### RECORDS SHOWN
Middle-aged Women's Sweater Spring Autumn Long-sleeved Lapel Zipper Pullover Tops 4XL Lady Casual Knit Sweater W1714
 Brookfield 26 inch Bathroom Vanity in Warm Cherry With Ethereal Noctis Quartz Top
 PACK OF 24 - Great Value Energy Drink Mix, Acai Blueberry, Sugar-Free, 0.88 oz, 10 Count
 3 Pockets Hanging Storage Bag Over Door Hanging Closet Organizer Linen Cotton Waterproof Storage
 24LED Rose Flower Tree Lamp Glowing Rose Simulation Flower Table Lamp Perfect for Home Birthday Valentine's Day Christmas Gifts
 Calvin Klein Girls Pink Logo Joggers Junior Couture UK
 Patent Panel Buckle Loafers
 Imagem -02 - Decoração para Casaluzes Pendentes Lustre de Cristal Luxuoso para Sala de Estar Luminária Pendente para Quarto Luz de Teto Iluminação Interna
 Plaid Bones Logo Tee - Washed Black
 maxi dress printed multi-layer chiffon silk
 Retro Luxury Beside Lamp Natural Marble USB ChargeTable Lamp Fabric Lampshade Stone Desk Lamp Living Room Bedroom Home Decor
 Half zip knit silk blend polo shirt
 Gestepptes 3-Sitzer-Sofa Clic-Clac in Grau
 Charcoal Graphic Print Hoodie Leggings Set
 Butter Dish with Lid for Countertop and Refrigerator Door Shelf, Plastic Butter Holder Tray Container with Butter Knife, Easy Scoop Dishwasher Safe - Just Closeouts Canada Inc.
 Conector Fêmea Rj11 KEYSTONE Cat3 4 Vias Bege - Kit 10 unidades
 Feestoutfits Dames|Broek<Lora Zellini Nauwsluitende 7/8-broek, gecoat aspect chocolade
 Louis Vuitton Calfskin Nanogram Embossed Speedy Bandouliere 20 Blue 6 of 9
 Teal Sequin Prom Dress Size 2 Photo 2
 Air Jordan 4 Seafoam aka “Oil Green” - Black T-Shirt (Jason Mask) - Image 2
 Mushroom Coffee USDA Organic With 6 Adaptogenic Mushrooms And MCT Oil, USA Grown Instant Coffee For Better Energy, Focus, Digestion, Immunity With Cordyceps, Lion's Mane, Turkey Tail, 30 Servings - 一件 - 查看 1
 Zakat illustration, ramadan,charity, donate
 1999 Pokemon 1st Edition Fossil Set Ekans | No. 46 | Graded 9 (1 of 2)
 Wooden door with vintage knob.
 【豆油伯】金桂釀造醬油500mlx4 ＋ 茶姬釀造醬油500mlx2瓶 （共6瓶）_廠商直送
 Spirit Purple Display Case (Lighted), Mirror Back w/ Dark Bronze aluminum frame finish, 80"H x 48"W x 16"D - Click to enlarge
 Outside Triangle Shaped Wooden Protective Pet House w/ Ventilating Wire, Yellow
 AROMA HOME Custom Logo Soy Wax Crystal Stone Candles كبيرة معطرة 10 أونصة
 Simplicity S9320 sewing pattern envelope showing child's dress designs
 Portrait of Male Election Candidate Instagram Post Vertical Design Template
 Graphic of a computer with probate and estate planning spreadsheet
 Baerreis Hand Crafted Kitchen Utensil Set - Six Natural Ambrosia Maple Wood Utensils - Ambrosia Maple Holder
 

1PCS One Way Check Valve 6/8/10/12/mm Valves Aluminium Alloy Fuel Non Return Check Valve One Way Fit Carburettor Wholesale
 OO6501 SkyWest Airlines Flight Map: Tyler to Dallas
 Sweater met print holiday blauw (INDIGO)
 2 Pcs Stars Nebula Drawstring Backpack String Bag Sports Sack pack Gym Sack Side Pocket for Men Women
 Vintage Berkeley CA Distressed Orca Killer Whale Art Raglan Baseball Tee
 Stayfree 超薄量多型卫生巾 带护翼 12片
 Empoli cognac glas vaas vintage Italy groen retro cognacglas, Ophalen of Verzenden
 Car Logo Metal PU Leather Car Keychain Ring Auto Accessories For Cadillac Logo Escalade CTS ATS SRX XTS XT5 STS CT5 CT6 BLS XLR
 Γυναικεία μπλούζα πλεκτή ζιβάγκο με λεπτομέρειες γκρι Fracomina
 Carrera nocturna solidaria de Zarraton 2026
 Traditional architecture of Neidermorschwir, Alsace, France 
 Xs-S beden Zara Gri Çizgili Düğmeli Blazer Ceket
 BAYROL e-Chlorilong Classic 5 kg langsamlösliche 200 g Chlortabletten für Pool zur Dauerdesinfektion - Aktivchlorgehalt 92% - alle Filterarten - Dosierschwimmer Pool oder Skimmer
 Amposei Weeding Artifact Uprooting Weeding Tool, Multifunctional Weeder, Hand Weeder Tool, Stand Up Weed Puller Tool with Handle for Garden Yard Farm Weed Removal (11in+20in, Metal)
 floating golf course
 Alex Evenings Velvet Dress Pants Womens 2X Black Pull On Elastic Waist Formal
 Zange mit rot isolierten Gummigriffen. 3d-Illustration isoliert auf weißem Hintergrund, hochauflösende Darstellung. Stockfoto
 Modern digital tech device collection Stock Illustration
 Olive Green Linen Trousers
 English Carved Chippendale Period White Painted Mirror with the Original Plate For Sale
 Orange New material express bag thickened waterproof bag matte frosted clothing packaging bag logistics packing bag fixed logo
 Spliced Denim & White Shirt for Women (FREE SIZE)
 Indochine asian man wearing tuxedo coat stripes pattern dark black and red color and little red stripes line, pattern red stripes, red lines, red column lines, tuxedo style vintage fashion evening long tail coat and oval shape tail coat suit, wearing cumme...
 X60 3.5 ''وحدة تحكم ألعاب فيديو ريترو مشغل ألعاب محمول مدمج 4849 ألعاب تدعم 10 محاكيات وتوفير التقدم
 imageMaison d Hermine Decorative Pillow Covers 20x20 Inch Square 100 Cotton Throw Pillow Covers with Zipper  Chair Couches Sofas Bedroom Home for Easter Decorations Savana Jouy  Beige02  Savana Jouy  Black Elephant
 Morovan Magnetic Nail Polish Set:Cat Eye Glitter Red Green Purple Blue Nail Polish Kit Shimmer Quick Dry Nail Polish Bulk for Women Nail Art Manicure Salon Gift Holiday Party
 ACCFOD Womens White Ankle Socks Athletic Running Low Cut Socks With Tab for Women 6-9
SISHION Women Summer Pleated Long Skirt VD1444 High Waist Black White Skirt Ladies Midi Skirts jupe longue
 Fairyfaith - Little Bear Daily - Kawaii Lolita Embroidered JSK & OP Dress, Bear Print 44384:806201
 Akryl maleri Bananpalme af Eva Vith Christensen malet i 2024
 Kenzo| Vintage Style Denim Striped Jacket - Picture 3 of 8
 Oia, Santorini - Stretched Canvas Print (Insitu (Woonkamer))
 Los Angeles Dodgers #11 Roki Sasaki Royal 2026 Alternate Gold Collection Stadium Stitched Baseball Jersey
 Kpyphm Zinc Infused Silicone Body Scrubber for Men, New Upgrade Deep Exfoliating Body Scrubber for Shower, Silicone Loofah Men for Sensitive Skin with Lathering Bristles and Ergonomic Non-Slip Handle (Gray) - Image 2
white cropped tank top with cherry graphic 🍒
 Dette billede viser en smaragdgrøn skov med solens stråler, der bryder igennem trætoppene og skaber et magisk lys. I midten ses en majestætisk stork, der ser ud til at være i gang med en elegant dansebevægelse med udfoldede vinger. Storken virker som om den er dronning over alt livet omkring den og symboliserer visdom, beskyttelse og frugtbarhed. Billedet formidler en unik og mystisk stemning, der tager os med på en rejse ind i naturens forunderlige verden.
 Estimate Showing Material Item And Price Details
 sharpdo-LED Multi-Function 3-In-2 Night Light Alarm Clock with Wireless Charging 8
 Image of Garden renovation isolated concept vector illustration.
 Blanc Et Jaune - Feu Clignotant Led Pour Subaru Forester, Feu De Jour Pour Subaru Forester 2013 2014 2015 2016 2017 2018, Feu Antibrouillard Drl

### WHAT YOU WILL DO
Write down, word for word, the lines above from the one containing "Simplicity S9320 sewing" through the one containing "Orange New material", both ends included.

### PROBLEM SOLUTION
 Simplicity S9320 sewing pattern envelope showing child's dress designs
 Portrait of Male Election Candidate Instagram Post Vertical Design Template
 Graphic of a computer with probate and estate planning spreadsheet
 Baerreis Hand Crafted Kitchen Utensil Set - Six Natural Ambrosia Maple Wood Utensils - Ambrosia Maple Holder
 

1PCS One Way Check Valve 6/8/10/12/mm Valves Aluminium Alloy Fuel Non Return Check Valve One Way Fit Carburettor Wholesale
 OO6501 SkyWest Airlines Flight Map: Tyler to Dallas
 Sweater met print holiday blauw (INDIGO)
 2 Pcs Stars Nebula Drawstring Backpack String Bag Sports Sack pack Gym Sack Side Pocket for Men Women
 Vintage Berkeley CA Distressed Orca Killer Whale Art Raglan Baseball Tee
 Stayfree 超薄量多型卫生巾 带护翼 12片
 Empoli cognac glas vaas vintage Italy groen retro cognacglas, Ophalen of Verzenden
 Car Logo Metal PU Leather Car Keychain Ring Auto Accessories For Cadillac Logo Escalade CTS ATS SRX XTS XT5 STS CT5 CT6 BLS XLR
 Γυναικεία μπλούζα πλεκτή ζιβάγκο με λεπτομέρειες γκρι Fracomina
 Carrera nocturna solidaria de Zarraton 2026
 Traditional architecture of Neidermorschwir, Alsace, France 
 Xs-S beden Zara Gri Çizgili Düğmeli Blazer Ceket
 BAYROL e-Chlorilong Classic 5 kg langsamlösliche 200 g Chlortabletten für Pool zur Dauerdesinfektion - Aktivchlorgehalt 92% - alle Filterarten - Dosierschwimmer Pool oder Skimmer
 Amposei Weeding Artifact Uprooting Weeding Tool, Multifunctional Weeder, Hand Weeder Tool, Stand Up Weed Puller Tool with Handle for Garden Yard Farm Weed Removal (11in+20in, Metal)
 floating golf course
 Alex Evenings Velvet Dress Pants Womens 2X Black Pull On Elastic Waist Formal
 Zange mit rot isolierten Gummigriffen. 3d-Illustration isoliert auf weißem Hintergrund, hochauflösende Darstellung. Stockfoto
 Modern digital tech device collection Stock Illustration
 Olive Green Linen Trousers
 English Carved Chippendale Period White Painted Mirror with the Original Plate For Sale
 Orange New material express bag thickened waterproof bag matte frosted clothing packaging bag logistics packing bag fixed logo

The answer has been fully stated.